Former Chamber Exec ends retirement
After a brief six week retirement, former Florence Area Chamber of Commerce Executive Director Cal Applebee is back at work, but in a different venue.
Applebee will take over May 1st as the new part time executive director at the Oregon Coast Military Museum near the airport.
He was instrumental in the founding of the museum eight years ago and was on the museum’s governing board until 2014. When he left the board, he remained active and supported the organization. Applebee called the move “coming home” while past president Tim Sapp called it a – quote – “no brainer”.
Sapp said the museum can’t afford a full time director, but Applebee’s background and experience make him a good fit.
In other actions last week, the museum board selected new leadership for the coming year… Wayne Sharpe was elected board president with Gene Wobbe (WAH-bee) serving as vice-president.
Smoothing the land use process at city hall
The Florence Planning Commission will hold their fourth work session this evening on the topic of updating the city’s land-use code. The aim, says City Manager Erin Reynolds, is to streamline many of the proceedings conducted by the organization.

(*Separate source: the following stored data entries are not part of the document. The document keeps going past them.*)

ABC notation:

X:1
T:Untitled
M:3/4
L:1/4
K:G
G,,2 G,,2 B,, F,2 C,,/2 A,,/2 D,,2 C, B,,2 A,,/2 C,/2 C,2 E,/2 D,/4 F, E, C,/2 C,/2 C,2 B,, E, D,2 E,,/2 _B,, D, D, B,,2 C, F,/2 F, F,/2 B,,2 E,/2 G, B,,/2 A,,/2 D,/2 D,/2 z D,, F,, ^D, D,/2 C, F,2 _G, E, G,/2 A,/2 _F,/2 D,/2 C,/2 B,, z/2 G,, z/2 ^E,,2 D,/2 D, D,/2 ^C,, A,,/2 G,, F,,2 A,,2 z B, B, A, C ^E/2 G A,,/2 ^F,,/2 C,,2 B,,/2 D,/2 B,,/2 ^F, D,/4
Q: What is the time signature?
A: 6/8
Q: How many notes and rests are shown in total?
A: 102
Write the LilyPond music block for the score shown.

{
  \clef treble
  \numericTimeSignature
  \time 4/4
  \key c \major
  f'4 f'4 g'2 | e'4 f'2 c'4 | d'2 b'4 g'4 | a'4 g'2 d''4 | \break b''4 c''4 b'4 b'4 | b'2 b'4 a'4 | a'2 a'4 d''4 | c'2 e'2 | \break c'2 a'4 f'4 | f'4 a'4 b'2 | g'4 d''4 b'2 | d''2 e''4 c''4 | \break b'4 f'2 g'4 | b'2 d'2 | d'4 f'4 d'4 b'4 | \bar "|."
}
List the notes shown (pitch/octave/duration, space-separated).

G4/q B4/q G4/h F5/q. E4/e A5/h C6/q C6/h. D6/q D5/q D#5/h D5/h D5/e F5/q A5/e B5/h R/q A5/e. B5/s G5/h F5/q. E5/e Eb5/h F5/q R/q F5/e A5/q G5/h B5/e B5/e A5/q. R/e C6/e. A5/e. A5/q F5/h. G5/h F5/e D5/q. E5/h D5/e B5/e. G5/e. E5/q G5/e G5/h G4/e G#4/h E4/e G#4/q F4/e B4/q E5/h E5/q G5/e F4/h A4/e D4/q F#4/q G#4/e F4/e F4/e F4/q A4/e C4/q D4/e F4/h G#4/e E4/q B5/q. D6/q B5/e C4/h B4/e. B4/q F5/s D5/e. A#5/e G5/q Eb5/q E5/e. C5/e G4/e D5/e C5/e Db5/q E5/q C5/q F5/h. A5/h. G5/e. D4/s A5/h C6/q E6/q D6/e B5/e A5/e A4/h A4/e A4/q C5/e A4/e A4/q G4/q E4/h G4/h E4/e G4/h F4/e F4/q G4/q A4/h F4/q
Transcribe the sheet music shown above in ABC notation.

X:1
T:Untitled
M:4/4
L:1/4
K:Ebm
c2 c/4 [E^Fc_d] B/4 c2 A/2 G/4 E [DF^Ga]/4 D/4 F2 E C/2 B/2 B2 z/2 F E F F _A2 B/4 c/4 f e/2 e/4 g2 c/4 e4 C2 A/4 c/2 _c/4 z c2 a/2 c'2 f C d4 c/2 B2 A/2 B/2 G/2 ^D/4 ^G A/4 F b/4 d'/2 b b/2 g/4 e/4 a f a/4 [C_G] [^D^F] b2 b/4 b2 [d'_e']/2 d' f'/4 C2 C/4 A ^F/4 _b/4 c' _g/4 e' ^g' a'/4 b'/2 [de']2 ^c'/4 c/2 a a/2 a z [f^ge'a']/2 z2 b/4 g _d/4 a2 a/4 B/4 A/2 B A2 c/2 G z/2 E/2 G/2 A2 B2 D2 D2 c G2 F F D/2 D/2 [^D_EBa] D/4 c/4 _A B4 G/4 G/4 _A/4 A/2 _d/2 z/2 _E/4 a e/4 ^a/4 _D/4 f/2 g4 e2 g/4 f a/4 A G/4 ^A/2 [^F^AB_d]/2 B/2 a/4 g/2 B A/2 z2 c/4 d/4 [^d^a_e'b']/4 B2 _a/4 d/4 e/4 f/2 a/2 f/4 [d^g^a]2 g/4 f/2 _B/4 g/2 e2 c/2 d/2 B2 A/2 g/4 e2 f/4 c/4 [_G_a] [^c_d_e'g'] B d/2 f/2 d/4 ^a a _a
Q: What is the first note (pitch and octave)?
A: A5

Erin Reynolds – “So we already know what the criteria is, the planning commission and city council have already approved code. If they can just check the box and say yes, your application meets this criteria; go forth and do that. That is a lot less cumbersome on the applicant and we hope to encourage people to keep moving forward on projects, as opposed to feeling like it’s quite an obstacle to go to planning commission.
The commission will review the 2nd draft of architectural design codes that would help enable an “over the counter” permitting process. That meeting begins at seven pm, at City Hall.
Three extra days to file
A local holiday in Washington D.C. April 15th means Americans will get an extra three days to file their taxes.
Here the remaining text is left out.